◆ **PROBLEM REQUIREMENTS**: Taking the listing below, restate word for word each line from the line with "Large House - Sauna, Backyard" to the line with "Dato'S Guesthouse Махинари Екстериор снимка", ends included, and stop there.

◆ **PROVIDED MATERIAL**:
Start of Block

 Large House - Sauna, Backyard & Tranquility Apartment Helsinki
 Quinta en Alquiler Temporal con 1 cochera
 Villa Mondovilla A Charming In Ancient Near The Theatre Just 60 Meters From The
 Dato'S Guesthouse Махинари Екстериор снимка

End of Block
Start of Block

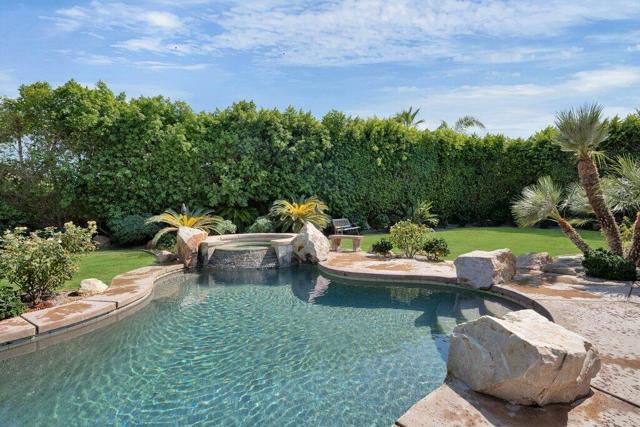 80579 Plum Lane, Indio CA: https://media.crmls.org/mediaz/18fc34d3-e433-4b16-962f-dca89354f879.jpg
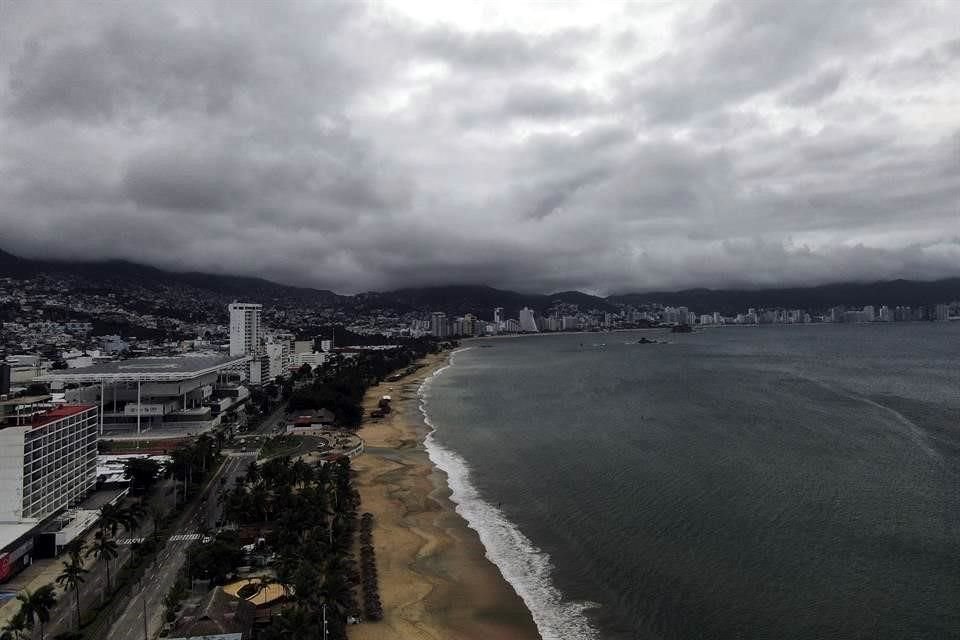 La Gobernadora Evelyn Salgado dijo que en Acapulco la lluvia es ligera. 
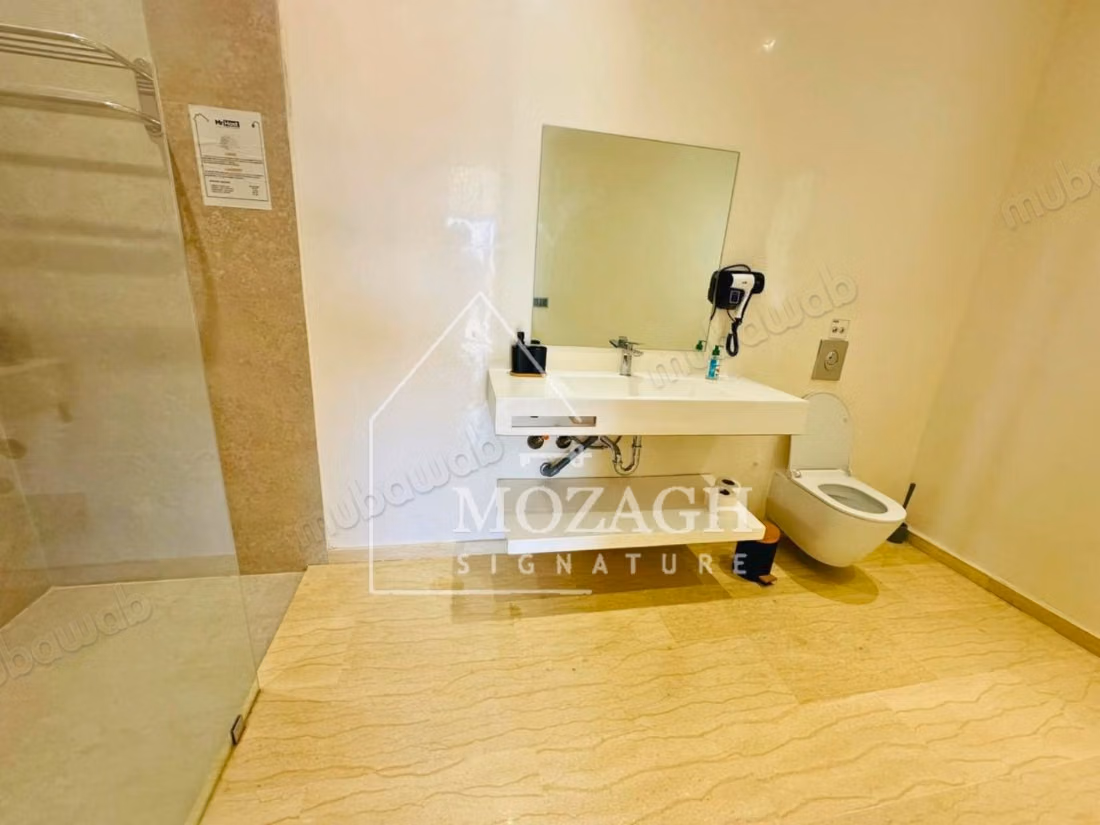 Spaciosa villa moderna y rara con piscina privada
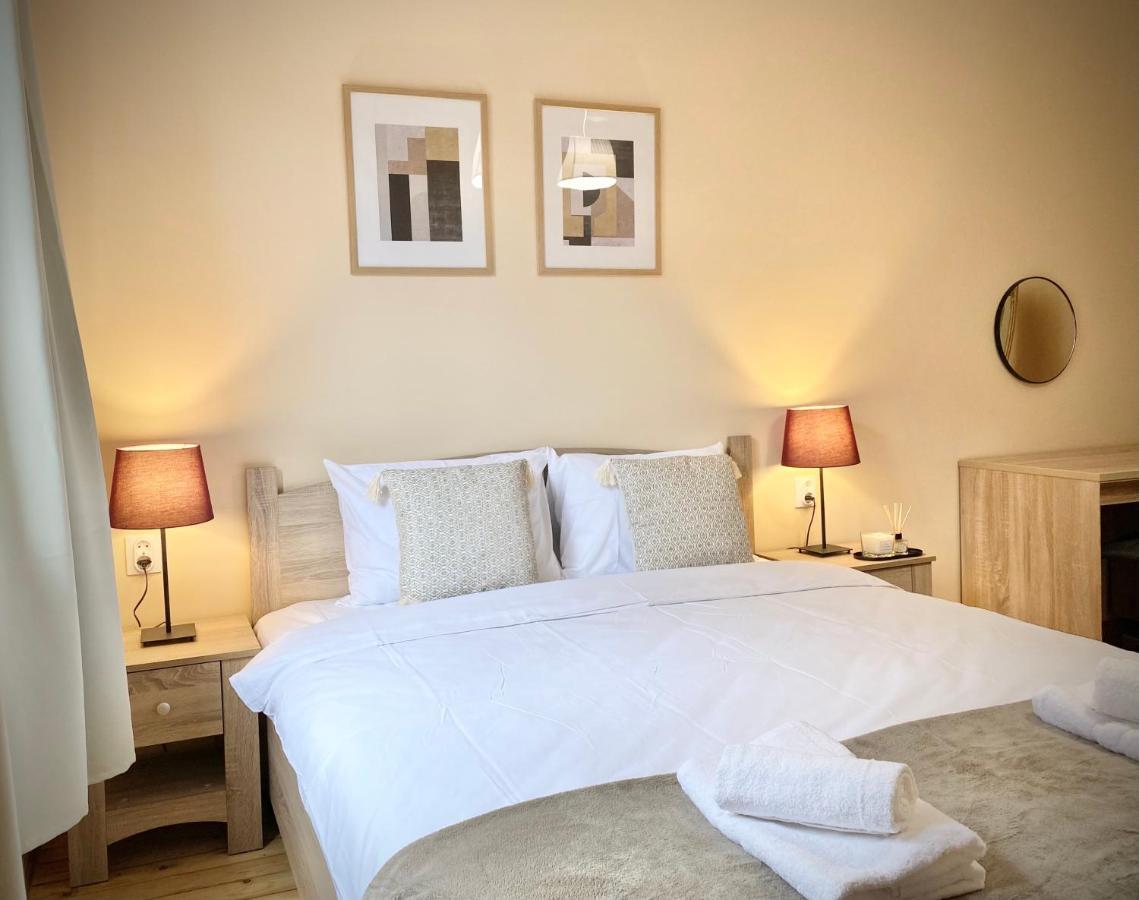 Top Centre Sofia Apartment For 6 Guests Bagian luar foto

End of Block

◆ **EXERCISE RESPONSE**:
 Large House - Sauna, Backyard & Tranquility Apartment Helsinki
 Quinta en Alquiler Temporal con 1 cochera
 Villa Mondovilla A Charming In Ancient Near The Theatre Just 60 Meters From The
 Dato'S Guesthouse Махинари Екстериор снимка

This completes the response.